How one American police chief exported his repressive tactics to the Middle East.
Last week, John Timoney — the former New York Police Department chief who went on to lead the police forces of Philadelphia and Miami — died at the age of sixty-eight.
For a cop who spent decades in the limelight, the obituaries have been glowing. The New York Times described Timoney as an officer who “had the gall to change minds, one police department at a time.” Another Times obituary cited his working-class roots and degrees in history and urban planning, celebrating that the police chief “plotted innovative strategies that helped reverse years of skyrocketing crime.” According to the New Yorker, “John Timoney was a good cop. No small thing in America, in 2016.”

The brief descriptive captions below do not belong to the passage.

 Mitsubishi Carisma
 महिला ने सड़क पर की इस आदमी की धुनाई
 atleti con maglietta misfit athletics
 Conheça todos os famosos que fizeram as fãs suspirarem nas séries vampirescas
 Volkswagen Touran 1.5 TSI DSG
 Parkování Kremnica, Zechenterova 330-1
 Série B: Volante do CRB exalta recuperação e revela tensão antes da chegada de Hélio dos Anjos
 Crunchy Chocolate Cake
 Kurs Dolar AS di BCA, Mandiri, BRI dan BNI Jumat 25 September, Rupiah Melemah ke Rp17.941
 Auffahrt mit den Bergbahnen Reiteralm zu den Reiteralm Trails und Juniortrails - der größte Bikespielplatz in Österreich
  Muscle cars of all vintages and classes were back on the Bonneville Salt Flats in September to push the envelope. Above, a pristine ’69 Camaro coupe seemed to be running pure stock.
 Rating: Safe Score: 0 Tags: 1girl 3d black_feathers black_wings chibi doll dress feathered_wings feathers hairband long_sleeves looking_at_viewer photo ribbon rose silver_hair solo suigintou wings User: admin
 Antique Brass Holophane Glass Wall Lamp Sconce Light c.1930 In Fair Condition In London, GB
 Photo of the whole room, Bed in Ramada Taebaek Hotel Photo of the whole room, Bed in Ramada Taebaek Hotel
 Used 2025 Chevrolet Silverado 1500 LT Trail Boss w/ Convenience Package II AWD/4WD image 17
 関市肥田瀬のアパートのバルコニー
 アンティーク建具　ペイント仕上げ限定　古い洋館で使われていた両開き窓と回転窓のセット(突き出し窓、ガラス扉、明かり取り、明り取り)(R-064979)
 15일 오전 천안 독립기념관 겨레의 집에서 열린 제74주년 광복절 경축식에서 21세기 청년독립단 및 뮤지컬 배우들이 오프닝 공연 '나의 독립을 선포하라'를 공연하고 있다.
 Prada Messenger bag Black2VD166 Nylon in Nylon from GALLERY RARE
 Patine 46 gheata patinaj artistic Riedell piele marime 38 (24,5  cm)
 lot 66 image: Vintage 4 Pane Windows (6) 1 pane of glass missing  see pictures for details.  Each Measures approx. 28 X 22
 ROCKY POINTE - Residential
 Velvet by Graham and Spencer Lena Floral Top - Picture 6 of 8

But for critics of militarized policing in the United States, Timoney is best remembered for pioneering the use of overwhelming force against demonstrators.
At the 2000 Republican National Convention in Philadelphia — and again at the Free Trade Area of the Americas summit in Miami — Timoney deployed a suite of crowd suppression methods that came to be known as the “Miami model”: mass arrests followed by mass acquittals; the criminalization of peaceful assembly through the denial of protest permits and banning of everyday objects; the sequestration of “embedded” reporters; the recruitment of “infiltrators” in activist groups; and the unrestrained use of tear gas, rubber bullets, and other “less lethal” weaponry.
Also unmentioned by the Times, NPR, the Miami Herald, and nearly every other outlet was a seemingly discordant line on Timoney’s resume: consultant to the Ministry of the Interior, Bahrain, 2011–13.
But the Bahrain connection is not as surprising, nor as tangential, as it may first appear.